| THE DATA |
- Opening Delimiter -
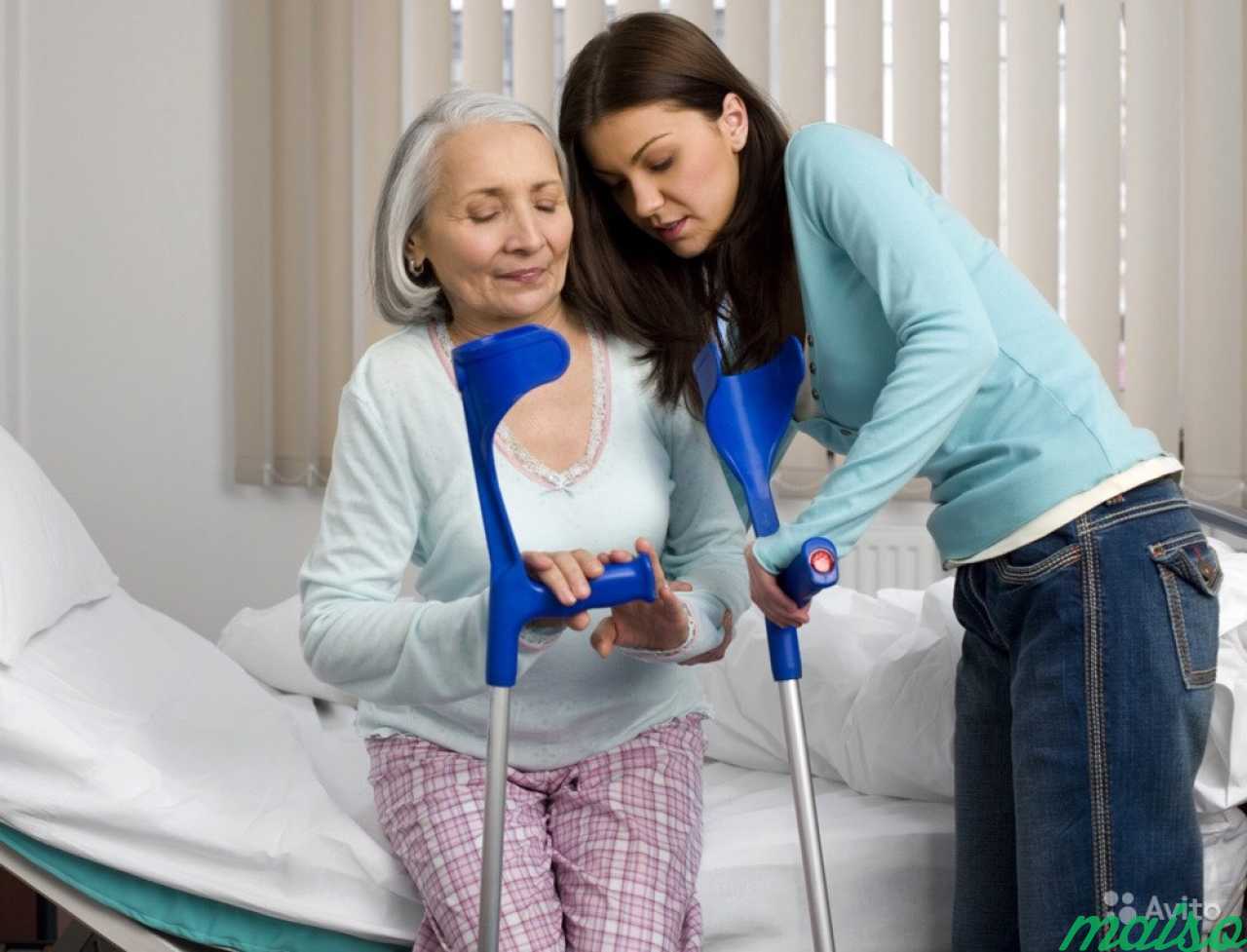 Перелом шейки бедра дом престарелых. Травматизм пожилых людей. Травмати у пожилыхлюдей. Реабилитация пожилых. Реабилитация пациентов с переломами.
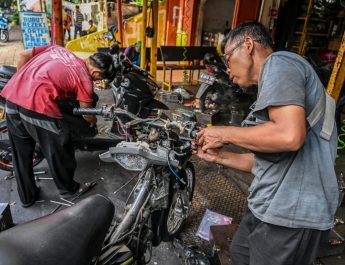 Begini Cara Melepas dan Memasang Busi Motor Bebek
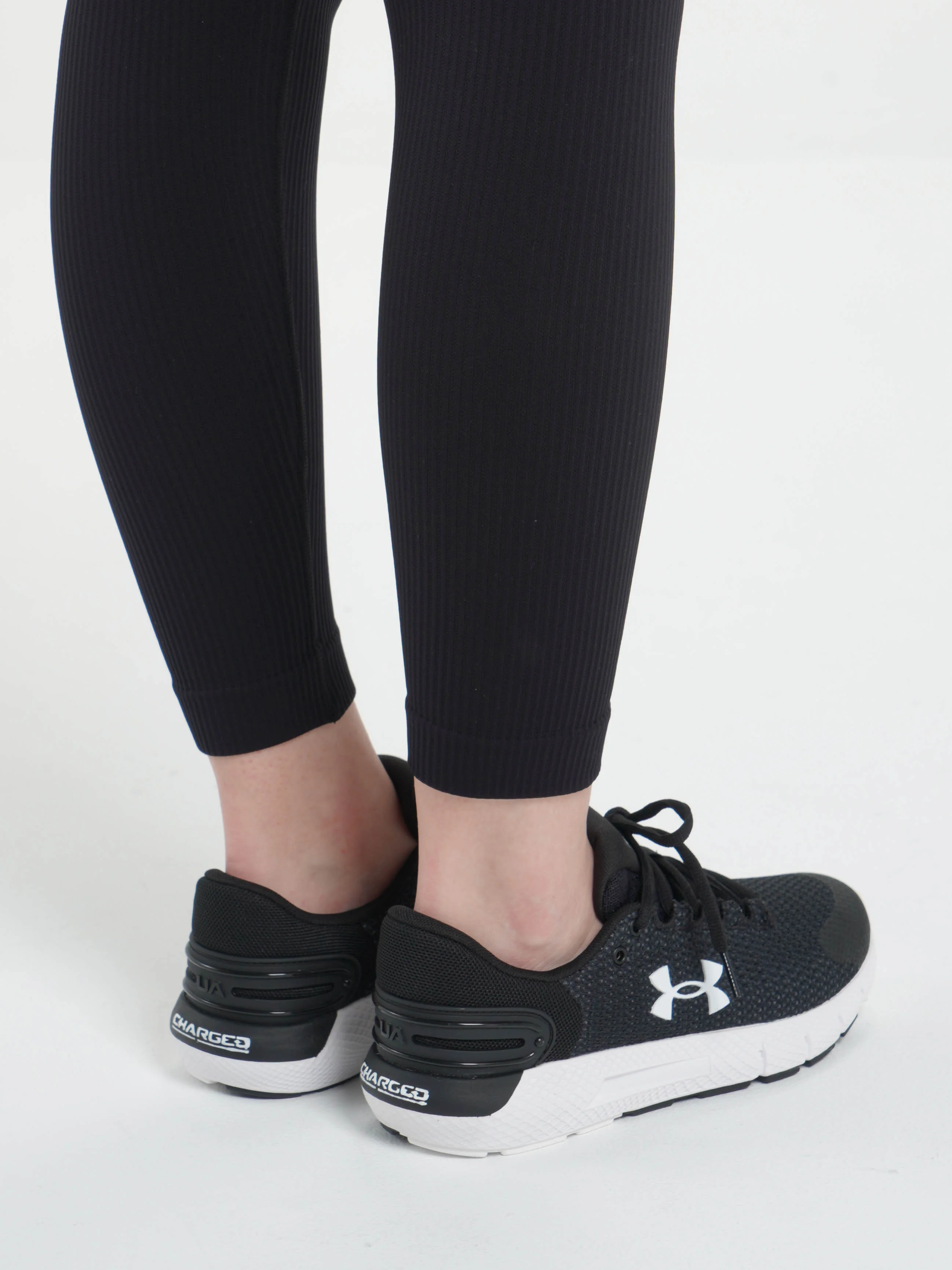 Кроссовки женские Under Armour W Charged Rogue 2.5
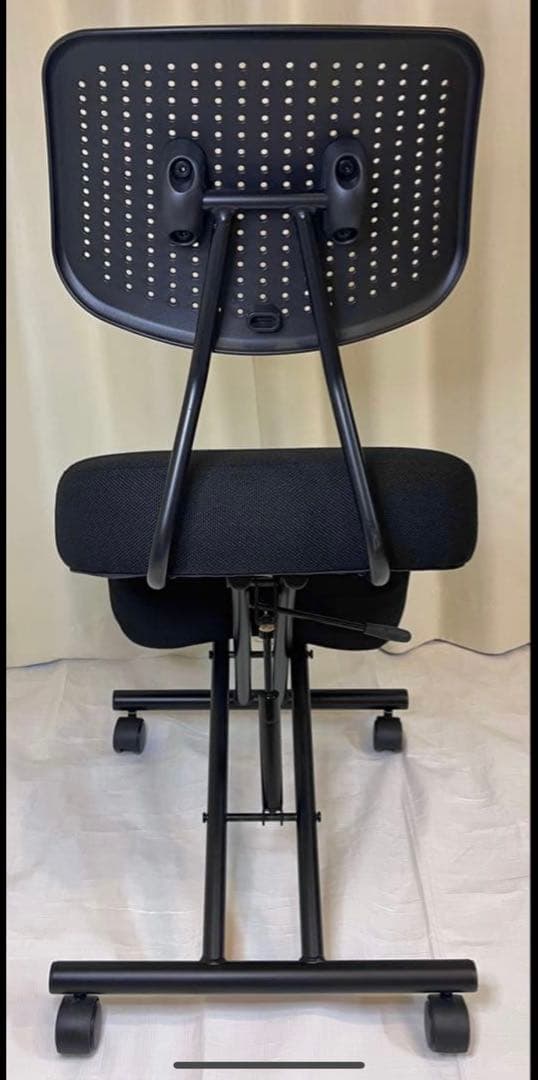 【美品】バランスチェア　背もたれ付き　SANWA SUPPLY サンワサプライ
- Closing Delimiter -
| WORK REQUIRED |
Repeat the listing word for word, omitting the pictures.

| ANSWER BOX |
 Перелом шейки бедра дом престарелых. Травматизм пожилых людей. Травмати у пожилыхлюдей. Реабилитация пожилых. Реабилитация пациентов с переломами.
 Begini Cara Melepas dan Memasang Busi Motor Bebek
 Кроссовки женские Under Armour W Charged Rogue 2.5
 【美品】バランスチェア　背もたれ付き　SANWA SUPPLY サンワサプライ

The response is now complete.